Music in Western Civilisation. By Paul Henry Lang. W. W. Norton. $5.00. Our New Music. By Aaron Copland. Whittlesey House. $2.50.
It is one thing to present composers and their works in chronological order and another thing to try, at the same time, to interpret the kind of music that they wrote in terms of the religious, political, and aesthetic doctrines of the epochs that produced them.
Increasing evidence of the broader concept of musical history is a welcome result of the acknowledgment by our colleges and universities of music as a liberal arts subject, and of the rise of musical scholarship which has accompanied it. During the last six years, three volumes have appeared which treat the history of music in relation to history in general: Ferguson’s “A History of Musical Thought,” Leichtentritt’s “Music, History and Ideas,” and now Paul Henry Lang’s “Music in Western Civilization.” Ferguson’s is a kind of elementary textbook somewhat marred by discursions into subjective criticism. Leichtentritt’s is more comprehensive and profound; but while it traces musical history and the fashions which shaped it, his book is not an easy source for strictly musical facts, nor was it intended to be. What Lang has given us amounts to two books in one: an exhaustive musical history and abundant interpretations of it in terms of the temper of each epoch. The result is probably the most complete and provocative single-volume history of occidental music in the English tongue.
Professor Dent of King’s College once defined scholarship as “the application of aesthetics to learning and learning to aesthetics.” By this definition, Lang’s book is a work of true scholarship. In it, the application is constantly working both ways. Such an interplay could be carried on only by one possessed of the author’s knowledge both of music and of all the other arts and many of the sciences.
For the most part, he has kept facts separate from their background and interpretation. This adds greatly to the usefulness of the book as a ready reference. The interpretations appear intermittently, in a series of brilliant essays, some thirty in all. These are Lang’s most original contribution to our understanding of the history of music and they should prove infinitely helpful to any thoughtful lover of the art. For that matter, they should interest followers of any of the arts, plastic or literary.

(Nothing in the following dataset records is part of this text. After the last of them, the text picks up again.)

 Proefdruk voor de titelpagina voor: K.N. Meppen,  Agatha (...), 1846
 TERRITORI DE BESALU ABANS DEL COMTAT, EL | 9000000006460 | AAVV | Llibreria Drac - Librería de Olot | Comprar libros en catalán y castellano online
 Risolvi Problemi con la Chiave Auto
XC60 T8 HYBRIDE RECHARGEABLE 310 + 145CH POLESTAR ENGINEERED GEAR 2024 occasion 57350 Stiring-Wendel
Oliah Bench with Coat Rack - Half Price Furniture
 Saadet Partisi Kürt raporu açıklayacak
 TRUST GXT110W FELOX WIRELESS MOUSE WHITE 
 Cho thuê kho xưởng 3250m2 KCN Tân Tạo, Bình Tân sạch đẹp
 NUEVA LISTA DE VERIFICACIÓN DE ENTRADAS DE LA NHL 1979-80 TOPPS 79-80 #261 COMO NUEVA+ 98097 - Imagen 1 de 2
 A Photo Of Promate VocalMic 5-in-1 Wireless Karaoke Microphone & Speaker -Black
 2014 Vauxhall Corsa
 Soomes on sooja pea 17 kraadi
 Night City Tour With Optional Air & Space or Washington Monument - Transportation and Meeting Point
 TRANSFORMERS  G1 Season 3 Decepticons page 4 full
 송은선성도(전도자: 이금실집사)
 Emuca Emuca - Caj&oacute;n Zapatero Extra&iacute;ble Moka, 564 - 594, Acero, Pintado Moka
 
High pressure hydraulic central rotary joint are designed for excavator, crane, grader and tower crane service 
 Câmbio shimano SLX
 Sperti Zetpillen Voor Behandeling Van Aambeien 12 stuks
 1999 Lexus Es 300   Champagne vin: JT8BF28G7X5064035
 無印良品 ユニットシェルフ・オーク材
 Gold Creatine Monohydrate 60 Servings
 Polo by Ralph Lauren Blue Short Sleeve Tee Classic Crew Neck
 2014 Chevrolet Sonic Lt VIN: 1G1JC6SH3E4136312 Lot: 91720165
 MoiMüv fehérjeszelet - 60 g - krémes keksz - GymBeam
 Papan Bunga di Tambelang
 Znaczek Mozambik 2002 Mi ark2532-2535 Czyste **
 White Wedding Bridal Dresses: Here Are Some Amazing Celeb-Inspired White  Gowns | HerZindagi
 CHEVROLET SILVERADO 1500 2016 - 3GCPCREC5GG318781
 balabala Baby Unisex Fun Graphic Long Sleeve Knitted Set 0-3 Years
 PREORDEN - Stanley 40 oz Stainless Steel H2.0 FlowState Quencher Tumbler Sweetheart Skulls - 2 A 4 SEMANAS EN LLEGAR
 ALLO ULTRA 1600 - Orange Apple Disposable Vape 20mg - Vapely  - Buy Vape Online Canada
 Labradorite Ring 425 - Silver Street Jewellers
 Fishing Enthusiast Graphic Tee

The essays demonstrate how closely music is wrapped up with countless other manifestations of human effort. The interrelationships have been constant. The author does not invent them: he discovers them, lays them before us. Occasionally he grieves over the fact that most modern historians are as yet unaware of the role of music in civilization or tend to ignore or slight it. He cites Preserved Smith’s “The Age of the Reformation” as a case in point: a “masterpiece of research” in which a “scant page or so” is deemed sufficient “to deal with an art which graced the daily life of the people,” and even the scant page is misleading. This is regrettable, but has not the fault lain partly with our teachers of music and writers on musical subjects? If so, the tide has now turned. Lang’s essays themselves should help prevent the kind of needless embarrassment which Preserved Smith, with all his erudition, must have felt when he approached the musical aspects of his subject.
The author shows a rare catholicity of musical taste. Whatever the period, he approaches it with gusto, without ever indulging in that type of subjective musical criticism of which Cecil Gray is now a recognized exponent. The work of each composer in turn is treated impartially. The only exception to this is the application of a somewhat more stringent critical technique to the work of composers who in recent years have been exalted to the neglect of lesser known men of equal importance. But this is salutary. The defense of Lassus against the justly sainted Palestrina, for example, should help remedy the relative neglect of Lassus’s music.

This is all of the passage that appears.